La caída de la deuda española está siendo  muy acusada porque los inversores consideran que el riesgo de adquirir   títulos públicos españoles a largo plazo es bajo y, además, ha ido bajando en los últimos meses a medida que la firmeza del Banco Central Europeo (BCE) afianzaba la confianza en los bancos tipos de interés en la eurozona. En especial, en la medida en que los mercados consideran que al margen de cualquier otra variable, España está en condiciones de pagar los intereses de su deuda  ya que el BCE le respalda plenamente.

Esta confianza es imprescindible para que  España pueda disfrutar de tipos de interés muy bajos, los más bajos de los últimos años, y  para que, en correspondencia,  las emisiones de Deuda Pública que realiza el Estado español sean cubiertas sin mayores problemas, incluso con tipos de interés cada vez más bajos, una buena parte de ellos (los de las Letras del Tesoro, que se emiten a plazos de un año e inferiores)  e incluso en algunos plazos bajos, hasta los 3 años.

De no ser por la ayuda del BCE, España no lograría colocar su Deuda Pública como está sucediendo en la actualidad. Es más, la crisis económica derivada de la pandemia ha provocado un aumento importante del gasto público y un freno de los ingresos fiscales del Estado español, lo que está conduciendo a un aumento  espectacular del déficit  público y del endeudamiento español. De no ser por la ayuda del BCE, los tipos de interés para financiar esta deuda serían inasumibles por España y desde luego no serían negativos, como sucede en la actualidad.

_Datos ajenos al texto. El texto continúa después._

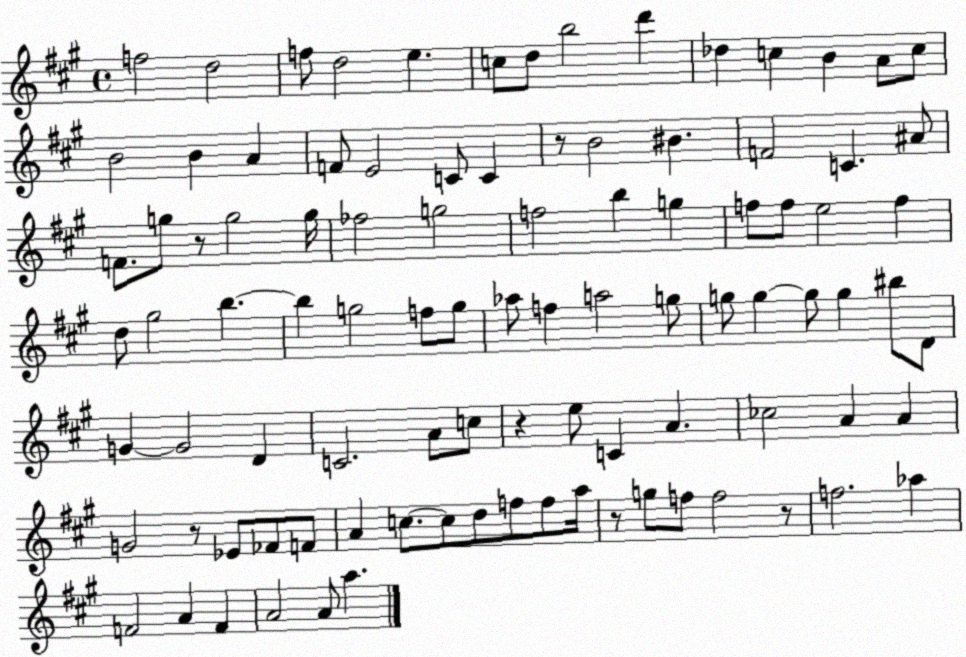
X:1
T:Untitled
M:4/4
L:1/4
K:A
f2 d2 f/2 d2 e c/2 d/2 b2 d' _d c B A/2 c/2 B2 B A F/2 E2 C/2 C z/2 B2 ^B F2 C ^A/2 F/2 g/2 z/2 g2 g/4 _f2 g2 f2 b g f/2 f/2 e2 f d/2 ^g2 b b g2 f/2 g/2 _a/2 f a2 g/2 g/2 g g/2 g ^b/2 D/2 G G2 D C2 A/2 c/2 z e/2 C A _c2 A A G2 z/2 _E/2 _F/2 F/2 A c/2 c/2 d/2 f/2 f/2 a/4 z/2 g/2 f/2 f2 z/2 f2 _a F2 A F A2 A/2 a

En las últimas semanas, las previsiones económicas que están manejando algunos organismos (como la OCDE o la Comisión Europea) sobre la economía española resultan mayormente negativas. Pero  a     pesar de estas valoraciones y del hecho de que el endeudamiento español sea cada vez más elevado, resulta bastante contradictoria la bajada persistente  que están registrando los tipos de interés.

Se trata de un artificio que solo tiene su explicación en la existencia del euro y en el funcionamiento del Banco Central Europeo (BCE), apoyando una situación  que trata de  preservar por encima de todo la unidad de la zona euro. Sin esta unidad, la posición de algunas economías europeas, sobre todo Italia y España, las dos  más fuertes del grupo de países de tipo medio y pequeño de la UE,  estarían en situación próxima a la bancarrota y  la subsistencia del euro  no sería posible. La duda es hasta dónde puede llegar este artificio del apoyo incondicional del BCE con crédito ilimitado a países  poco solventes, altamente endeudados y sin compromisos firmes de  ortodoxia en el manejo de sus economías.